Does anyone else have issues with the Tiemcos? I have now broken 2 size 4 hooks one was on a dock and the other was a on a ~20" redfish after fighting the fish for like 30 seconds. I can't say I have ever broken another hook. Mostly opened up.


----------



## kjnengr (Jan 16, 2018)

flyclimber said:


> Does anyone else have issues with the Tiemcos? I have now broken 2 size 4 hooks one was on a dock and the other was a on a ~20" redfish after fighting the fish for like 30 seconds. I can't say I have ever broken another hook. Mostly opened up.

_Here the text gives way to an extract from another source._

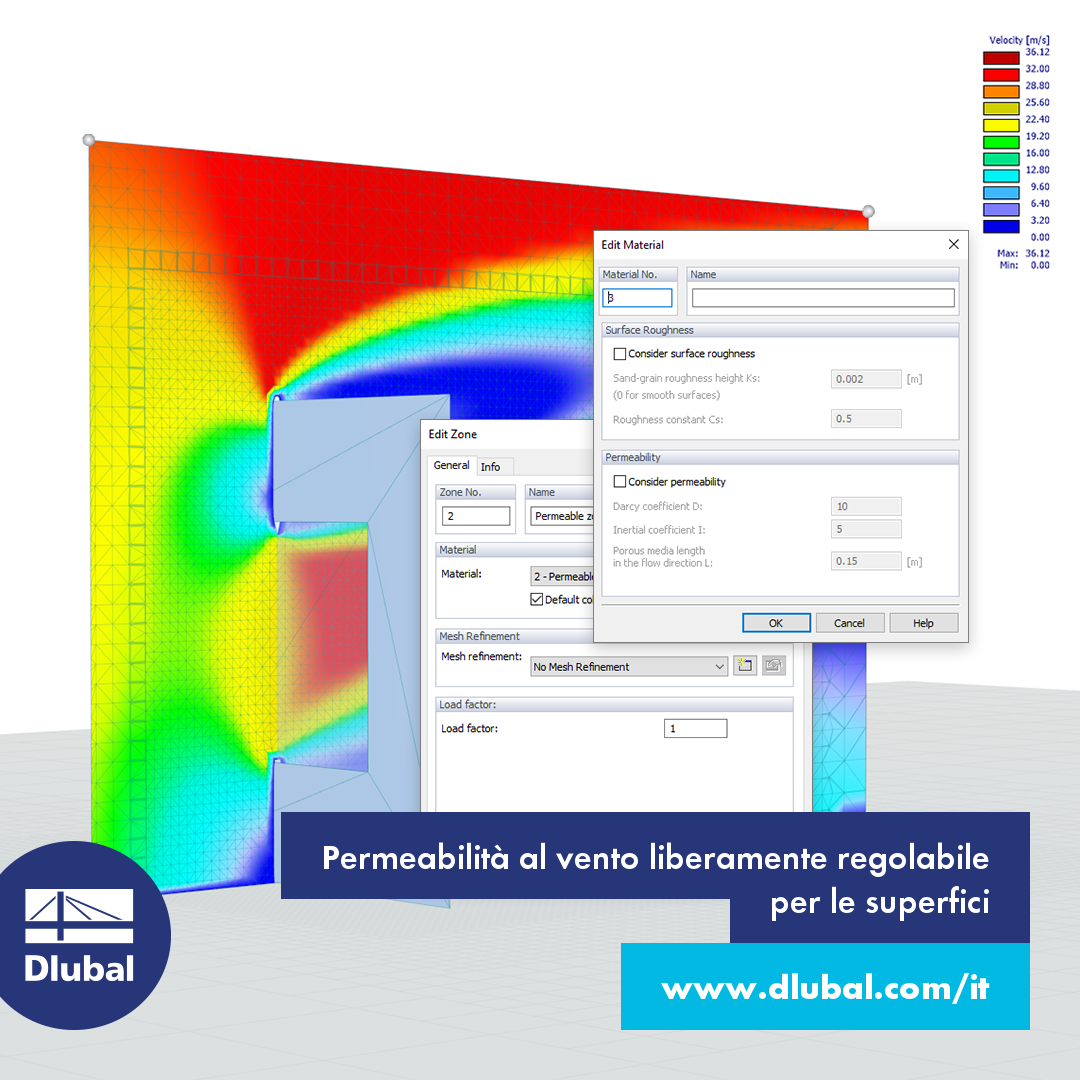 Permeabilità al vento liberamente regolabile per le superfici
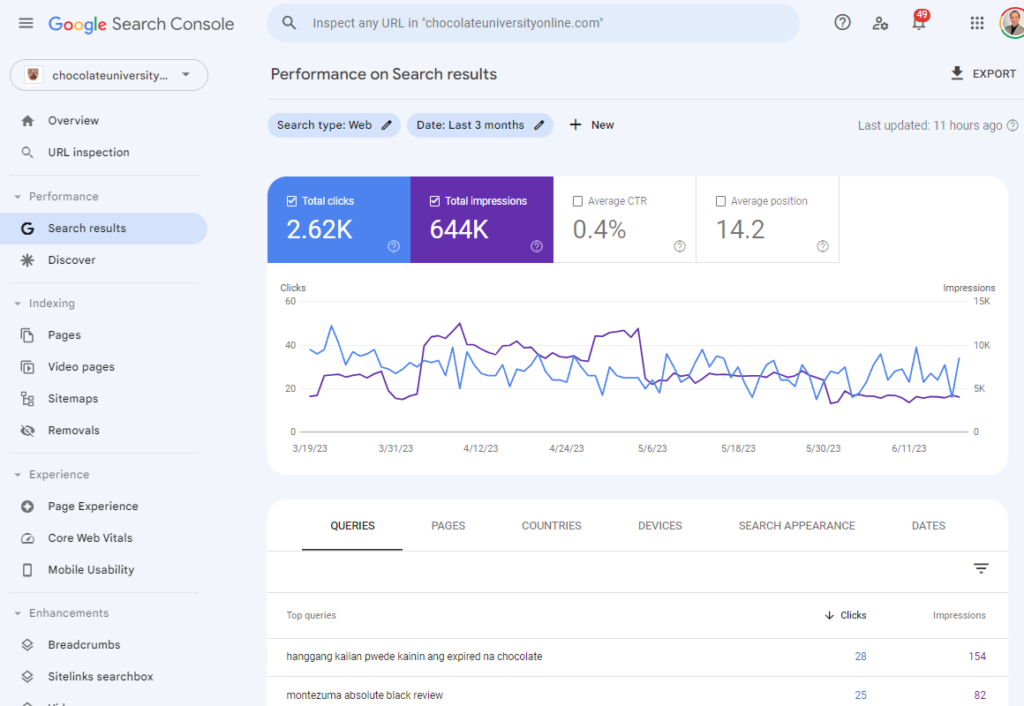 search console queries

Which TMC hook was that? I have heard a few friends say not nice things about Tiemco hooks?


----------



## Mike Geer (Nov 22, 2018)

Yes, I have had multiple Tiempcos break.

mike


----------



## lemaymiami (Feb 9, 2007)

The Tiemco hook I avoid is the 811s hook (very similar to a Mustad 34007, but quite strong and sharp). The problem with them is that they'll break before bending a bit. You can catch a lot of fish with a hook that's opened up a bit - but not if it breaks first... The Tiemco 600sp hook, though, has always held up for us... I know that some guides down in the Keys don't like the 600sp which has a relatively thin tapered point - mainly because they stick (or try to hook) most of their fish with the hook much closer to the tarpon's lip where all that bone can roll a hook point occasionally. Where we fish, the big tarpon take a fly deep into their throat area most days (big fish, laid up in open bays or holding in relatively deeper water in rivers). In the dark waters of the 'glades my anglers might see the take - but not very clearly so the fish really gets to gobble that fly before all hell breaks loose...


----------